Exercise objective: Your answer must be an exact copy of the data, without any pictures.

(Excerpts from a dataset)
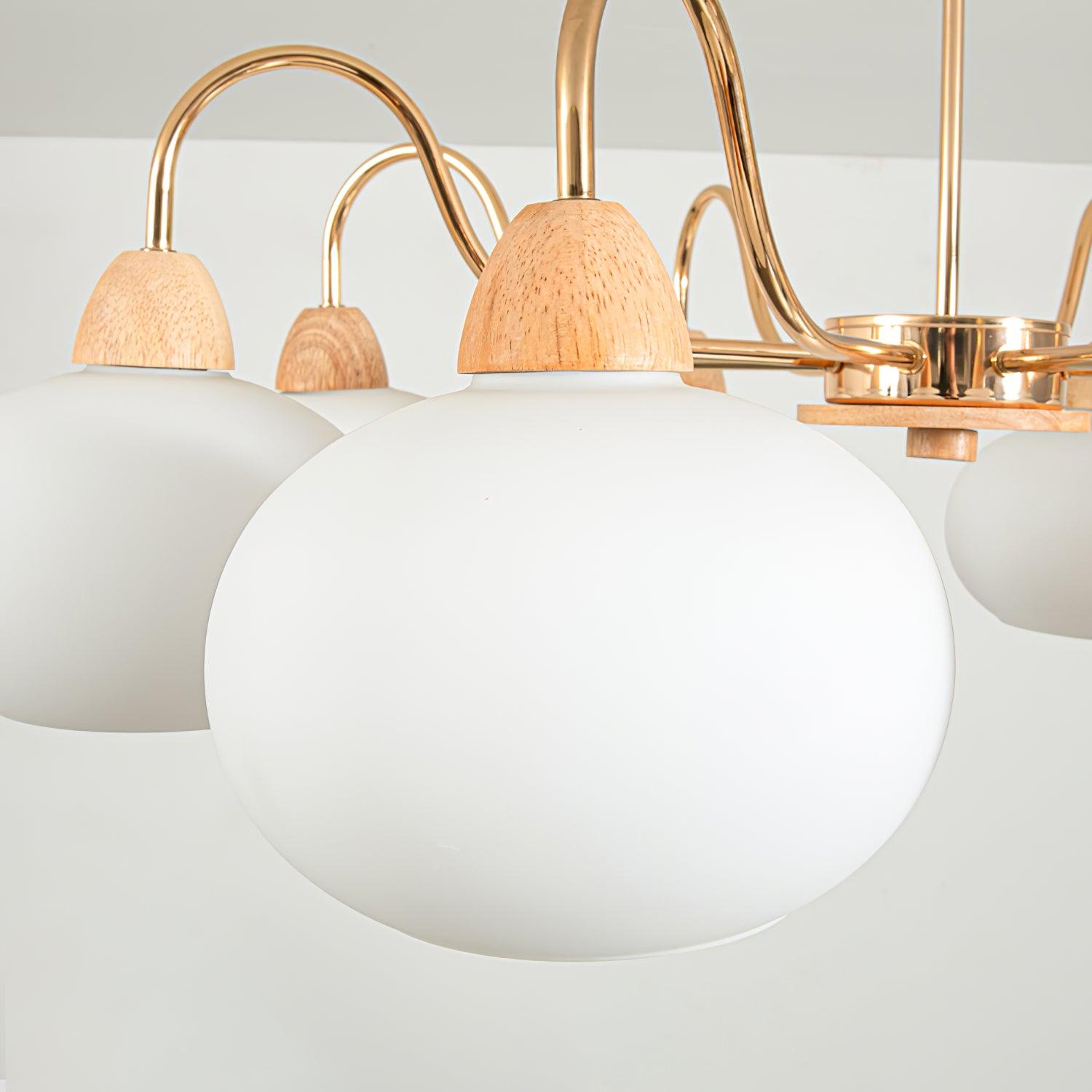 Bauhaus Cream Glass Persimmon Chandelier Mid Century Modern Hanging Pendant Light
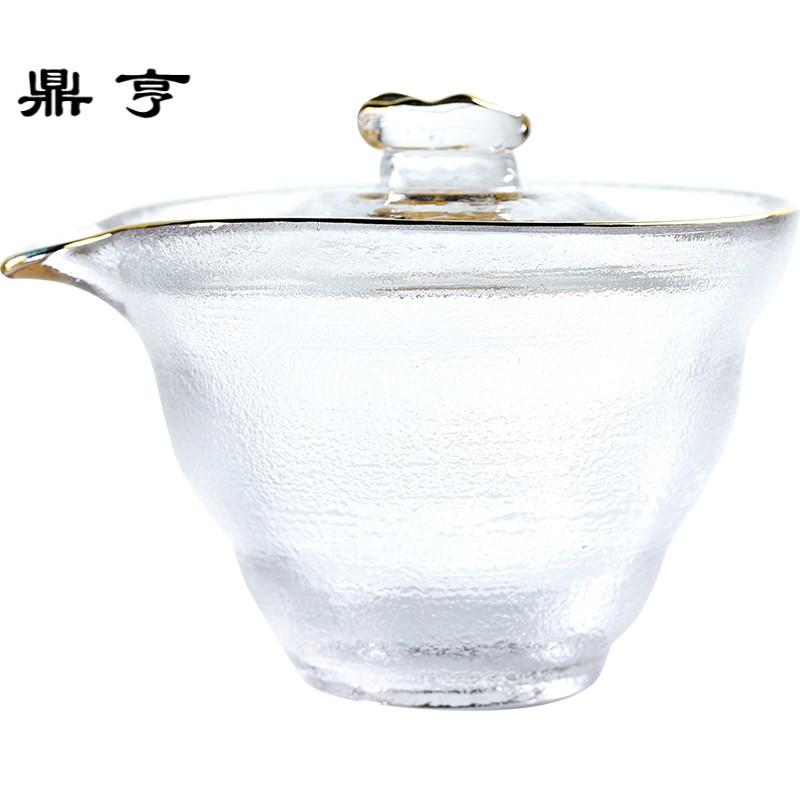 鼎亨简约日式加厚耐热玻璃透明盖碗泡茶三才功夫茶具锤纹家用手抓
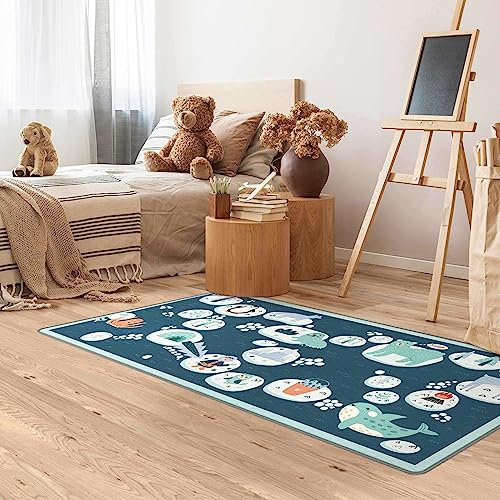 Bilderwelten Kinderteppich Antarktis - Eisbär Rudi möchte Fisch Rutschfester Spielteppich Kinderzimmer Teppich 40x80 cm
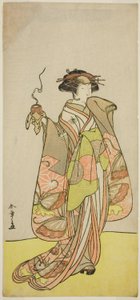 1776年正月森田座で上演された園兄弟藤姿見で花魁の華僑坂の少将を演じた二代目市川門之助 作： Katsukawa Shunsho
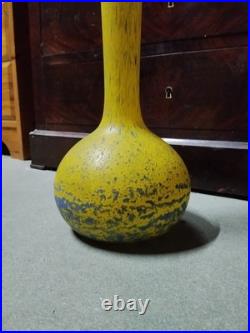 DELATTE Vase soliflore pâte de verre Art Nouveau Nancy 58 cm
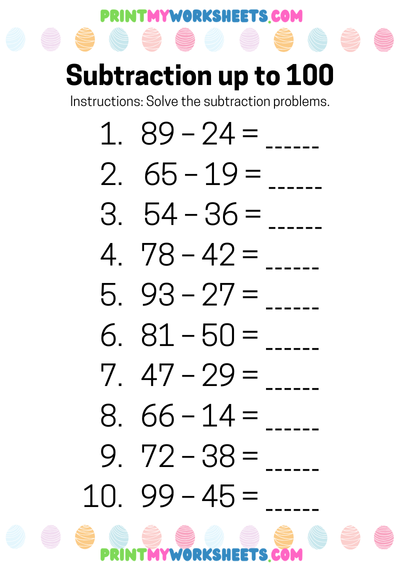 Subtraction Up to 100 Worksheet | Free 2nd Grade PDF for Building Math Fluency and Accuracy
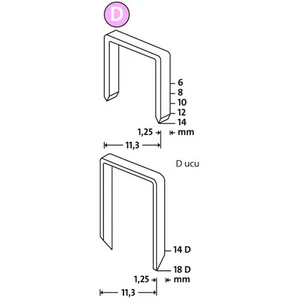 D Tip 53 F/6Mm Yassı Zımba Teli 1200 Lü Paket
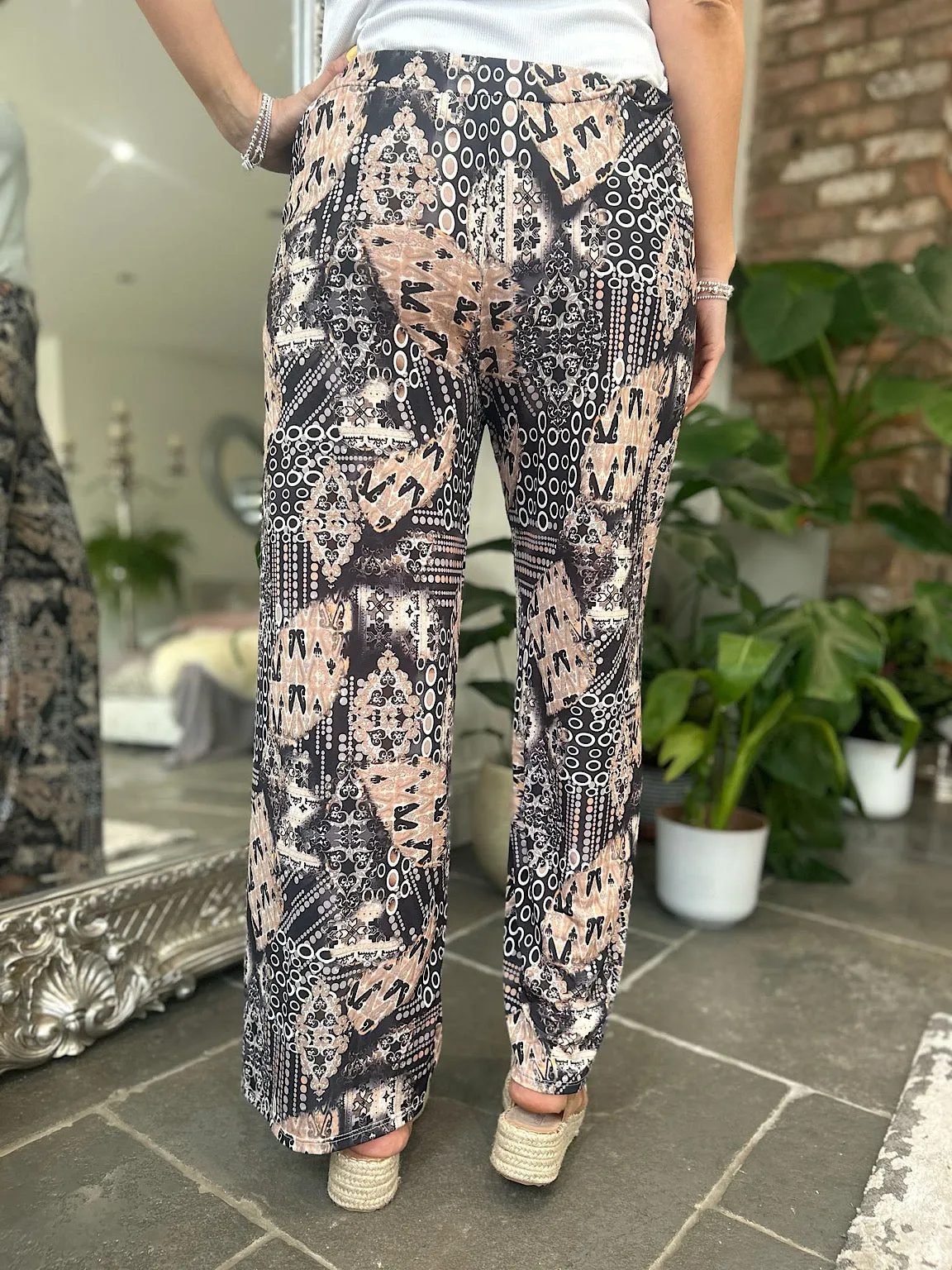 Black & Brown Multi Print Trousers Zoe
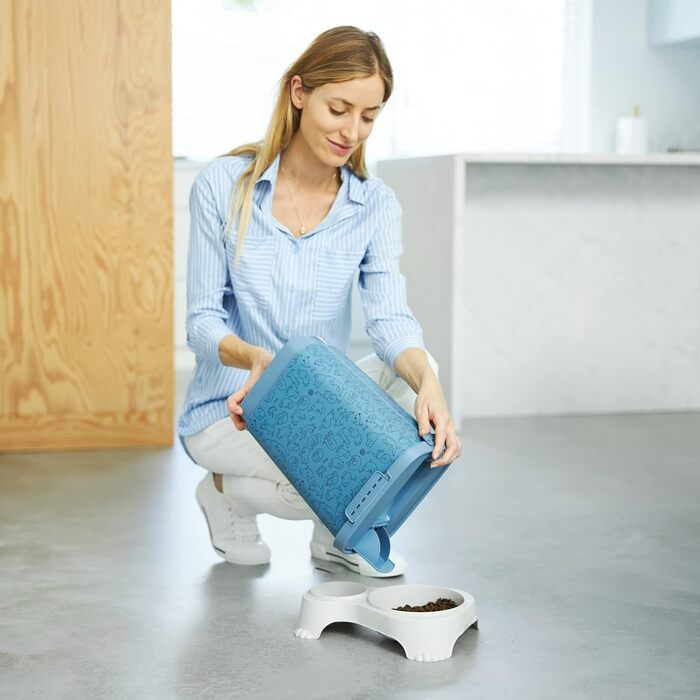 Контейнер для корму Rotho MyPet Cody, 10л з кришкою та клапаном, BPA-free, антрацит/білий, 10л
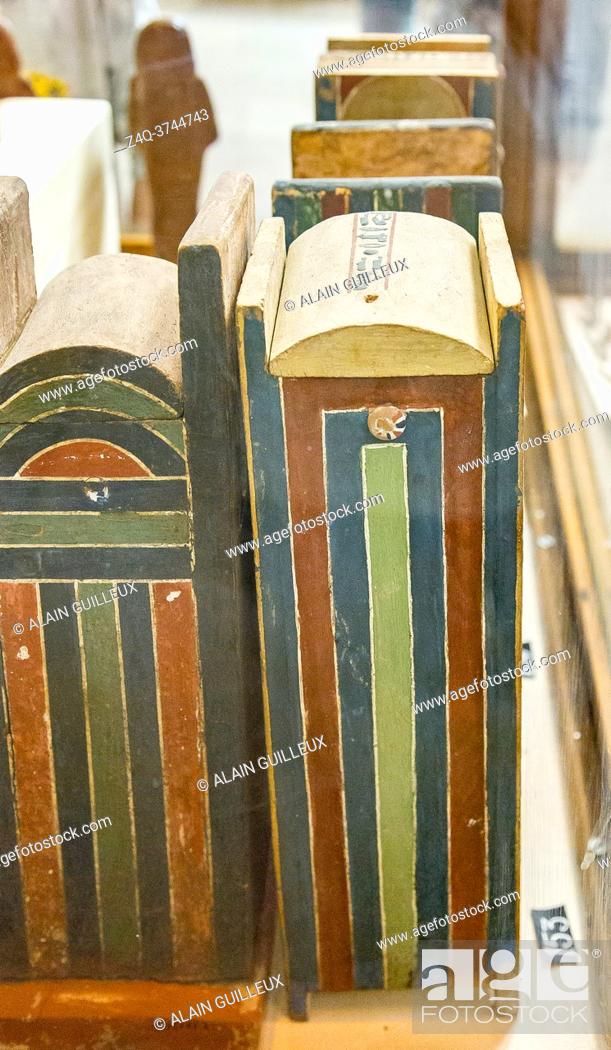 Stock Photo: Egypt, Cairo, Egyptian Museum, from the tomb of Yuya and Thuya in Luxor : Ushebti boxes, one of them has an inscription and a knob with a rosette.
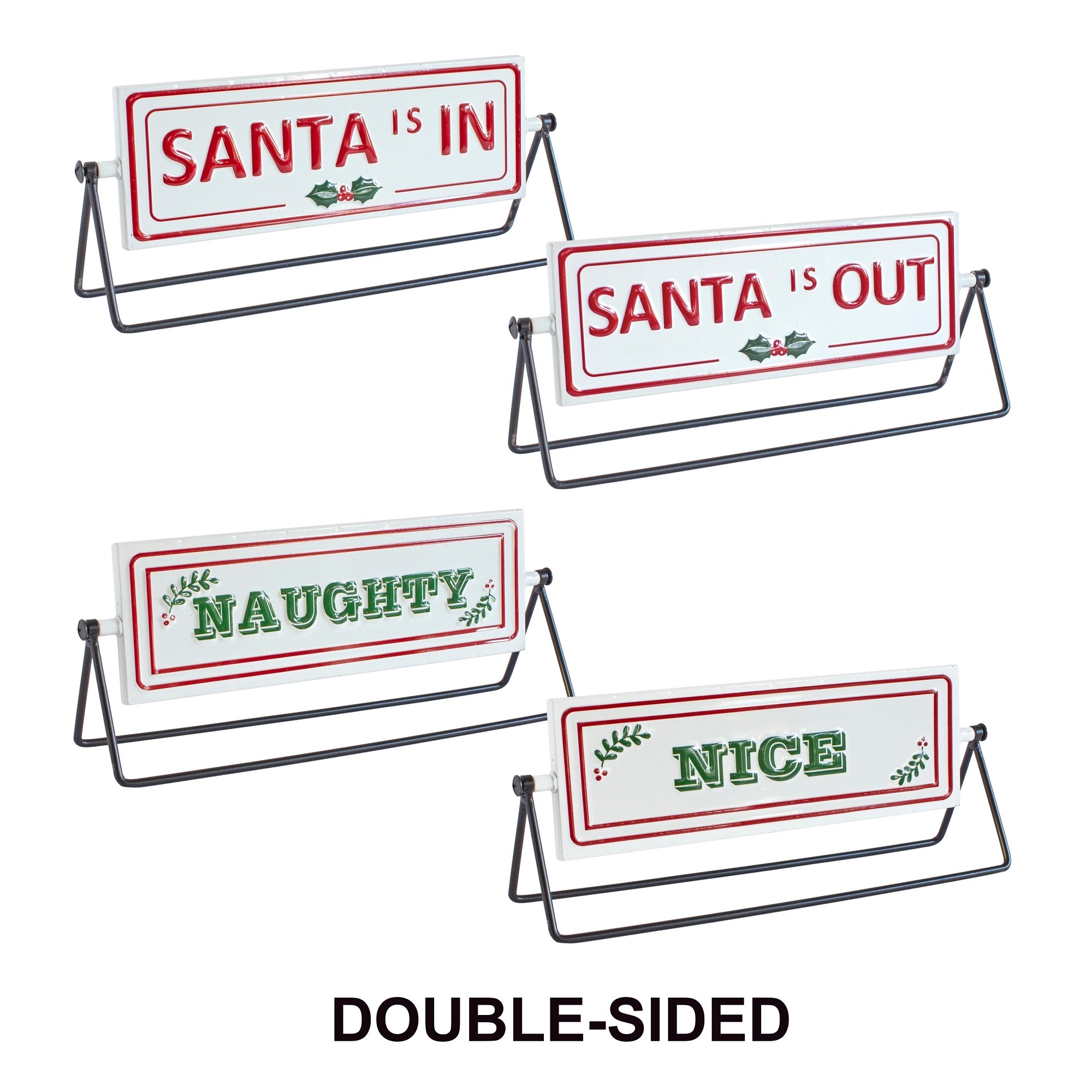 Reversable Santa Sign (2 Asst) 12.75"L x 4.75"H Iron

Exercise output:
 Bauhaus Cream Glass Persimmon Chandelier Mid Century Modern Hanging Pendant Light
 鼎亨简约日式加厚耐热玻璃透明盖碗泡茶三才功夫茶具锤纹家用手抓
 Bilderwelten Kinderteppich Antarktis - Eisbär Rudi möchte Fisch Rutschfester Spielteppich Kinderzimmer Teppich 40x80 cm
 1776年正月森田座で上演された園兄弟藤姿見で花魁の華僑坂の少将を演じた二代目市川門之助 作： Katsukawa Shunsho
 DELATTE Vase soliflore pâte de verre Art Nouveau Nancy 58 cm
 Subtraction Up to 100 Worksheet | Free 2nd Grade PDF for Building Math Fluency and Accuracy
 D Tip 53 F/6Mm Yassı Zımba Teli 1200 Lü Paket
 Black & Brown Multi Print Trousers Zoe
 Контейнер для корму Rotho MyPet Cody, 10л з кришкою та клапаном, BPA-free, антрацит/білий, 10л
 Stock Photo: Egypt, Cairo, Egyptian Museum, from the tomb of Yuya and Thuya in Luxor : Ushebti boxes, one of them has an inscription and a knob with a rosette.
 Reversable Santa Sign (2 Asst) 12.75"L x 4.75"H Iron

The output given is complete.